When my parents were first divorced and we abandoned our
house in Celina to move to Denton, we stayed in Wyllma’s apartment for a few
nights. She was out of town visiting one of her two daughters. She had a
Victorian bedstead that was so high off the ground you needed a
step stool to climb up into it. She had one, of course, with a floral needlepoint
pattern on it.
There were two bedrooms in Wyllma’s house, and the back
bedroom was sort of her den. There was a small square TV, what we used to call
a portable TV, a daybed, magazines, some games. This was where she sprawled
out, relaxed, got casual. For some reason the triangle peg game became an
obsession for us. I would come over to her place and we would spend hours
working out the pattern until we could solve it every time. (Unfortunately, I
have since forgotten the pattern and cannot amaze my kids with my genius.)

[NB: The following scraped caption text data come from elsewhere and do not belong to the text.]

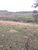 Chácara, 5000 m² - Foto 3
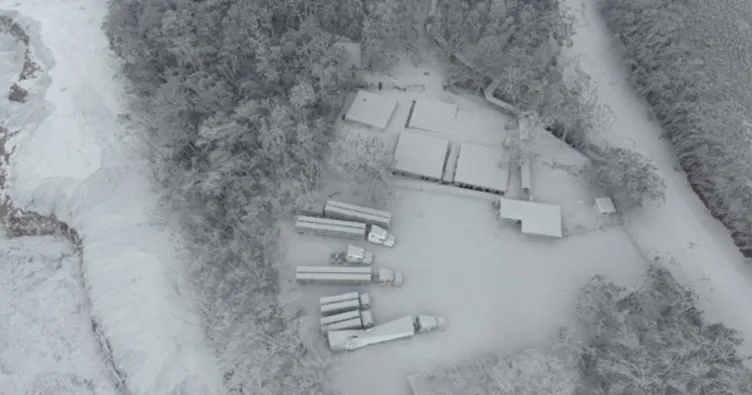 Hawaii’de lavlar 117 evi yok etti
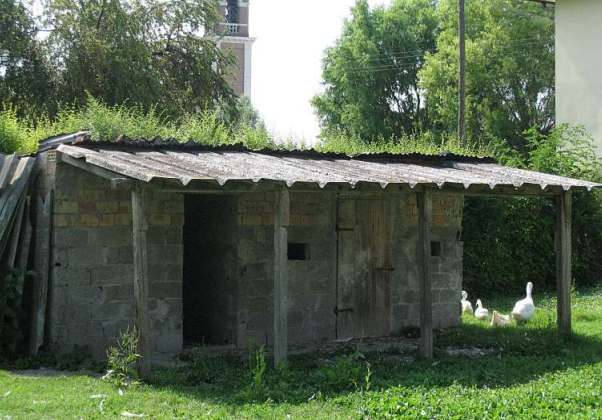 immagine annuncio 12 di 13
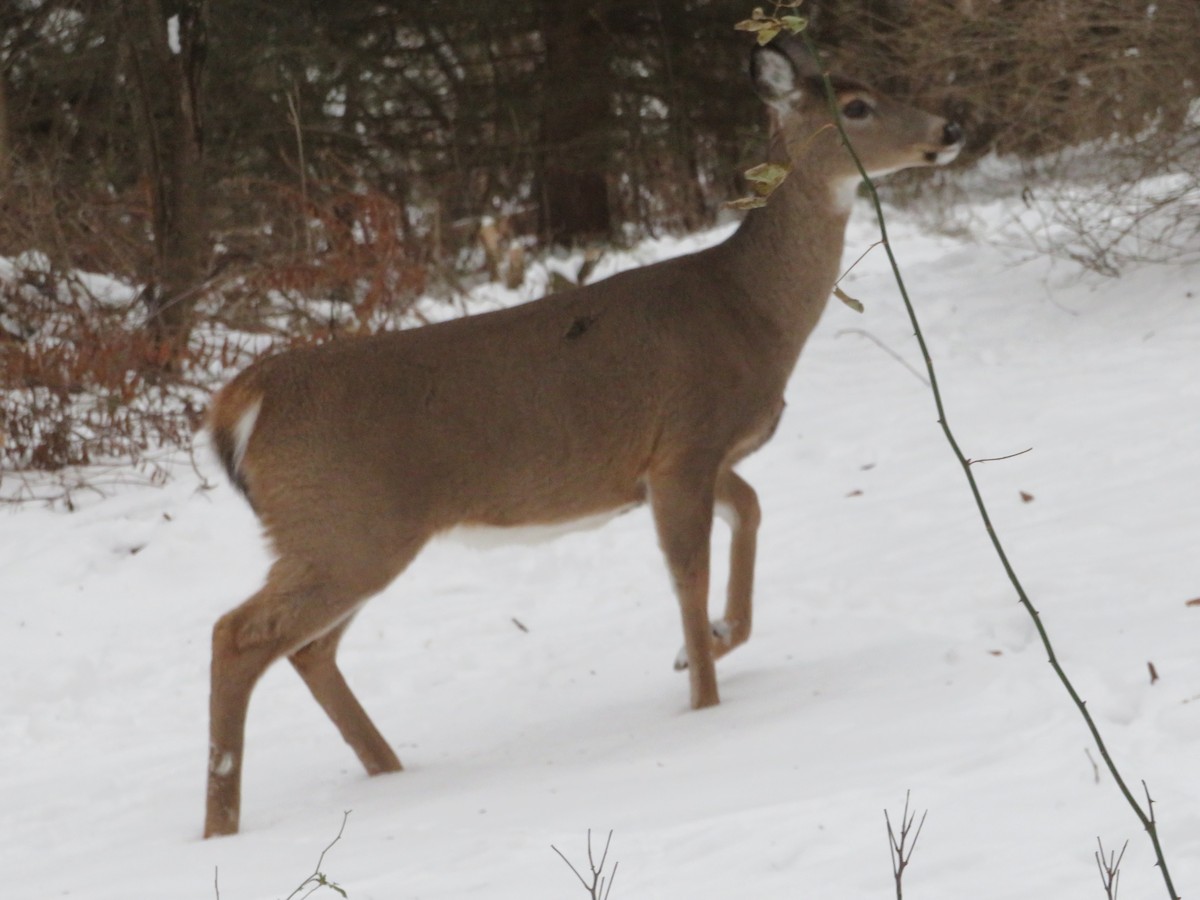 Animals - ML646816187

I didn’t know until years later that Wyllma had once been
married to a man who was brutally abusive. How she extricated herself, raised
her children and supported herself at a time when southern gentlewomen
were supposed to be nothing more than decorative, I’ll never know. I’m sure there
were some fascinating stories behind her gentle façade, but I didn’t know I was
supposed to ask the questions until long after she was gone.